En el mercado español, es común encontrar argón en envases de jamón serrano en lonchas, queso rallado, café molido envasado al vacío y patatas fritas. El Reglamento (CE) nº 1333/2008 autoriza el uso de argón en todos los alimentos en los que sea tecnológicamente necesario, sin límites máximos específicos (quantum satis). Esto significa que se puede utilizar en la cantidad necesaria para lograr el efecto deseado, siempre que no se supere la dosis mínima requerida.
En comparación con la normativa de la FDA en Estados Unidos, el argón también está reconocido como GRAS (Generally Recognized as Safe) y su uso está permitido sin restricciones cuantitativas. En Japón, el argón está listado como aditivo alimentario permitido.
La versatilidad del argón se debe a su inercia química, que evita reacciones no deseadas con los alimentos, y a su mayor densidad que el aire, lo que facilita la creación de una atmósfera protectora en el envase.
No se han documentado efectos adversos significativos asociados al consumo de argón como aditivo alimentario. El argón es un gas fisiológicamente inerte: no se absorbe en el tracto gastrointestinal, no se metaboliza y se elimina sin cambios a través de los pulmones. Los estudios toxicológicos realizados por la EFSA y el JECFA no han encontrado evidencia de toxicidad aguda, subcrónica o crónica, ni efectos carcinogénicos, mutagénicos o teratogénicos. En condiciones normales de uso, las cantidades de argón ingeridas son mínimas y no representan un riesgo para la salud.
No se han identificado poblaciones sensibles específicas, ni interacciones con medicamentos.
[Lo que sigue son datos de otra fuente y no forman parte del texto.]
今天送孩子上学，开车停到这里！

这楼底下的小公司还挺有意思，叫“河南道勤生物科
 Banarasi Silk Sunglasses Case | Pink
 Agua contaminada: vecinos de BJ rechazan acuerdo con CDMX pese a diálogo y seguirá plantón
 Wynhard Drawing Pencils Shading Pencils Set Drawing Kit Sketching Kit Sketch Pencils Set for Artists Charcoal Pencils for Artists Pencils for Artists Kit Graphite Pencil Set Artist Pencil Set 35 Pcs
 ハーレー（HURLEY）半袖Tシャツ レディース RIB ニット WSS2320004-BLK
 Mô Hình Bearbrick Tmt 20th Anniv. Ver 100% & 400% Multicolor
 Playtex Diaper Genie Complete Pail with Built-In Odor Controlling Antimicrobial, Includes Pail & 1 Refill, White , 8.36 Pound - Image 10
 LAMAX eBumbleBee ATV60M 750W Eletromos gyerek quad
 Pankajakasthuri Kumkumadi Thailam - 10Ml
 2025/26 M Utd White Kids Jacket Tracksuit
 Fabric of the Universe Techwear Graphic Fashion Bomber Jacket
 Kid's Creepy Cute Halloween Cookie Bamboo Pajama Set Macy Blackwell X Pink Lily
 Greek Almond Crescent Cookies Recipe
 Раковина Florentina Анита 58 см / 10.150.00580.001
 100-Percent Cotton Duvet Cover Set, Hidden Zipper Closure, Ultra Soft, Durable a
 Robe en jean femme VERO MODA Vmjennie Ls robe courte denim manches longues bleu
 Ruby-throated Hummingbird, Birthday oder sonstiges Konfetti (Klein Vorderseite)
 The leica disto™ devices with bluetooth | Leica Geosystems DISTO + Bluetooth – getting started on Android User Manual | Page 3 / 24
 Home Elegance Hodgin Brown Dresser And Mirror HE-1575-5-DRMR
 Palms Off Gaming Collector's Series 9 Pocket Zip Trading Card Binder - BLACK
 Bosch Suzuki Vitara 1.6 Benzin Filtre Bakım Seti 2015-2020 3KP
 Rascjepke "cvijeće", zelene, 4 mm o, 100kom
La única precaución teórica sería en caso de inhalación accidental de grandes cantidades en espacios cerrados, lo que podría provocar asfixia por desplazamiento de oxígeno, pero esto no es relevante para el consumo alimentario. La EFSA concluye que el argón es seguro para el consumidor en las aplicaciones autorizadas, y la OMS no ha establecido una IDA, considerando que cualquier exposición dietética es segura.
En resumen, el E938 no presenta efectos secundarios documentados y su perfil de seguridad es excelente.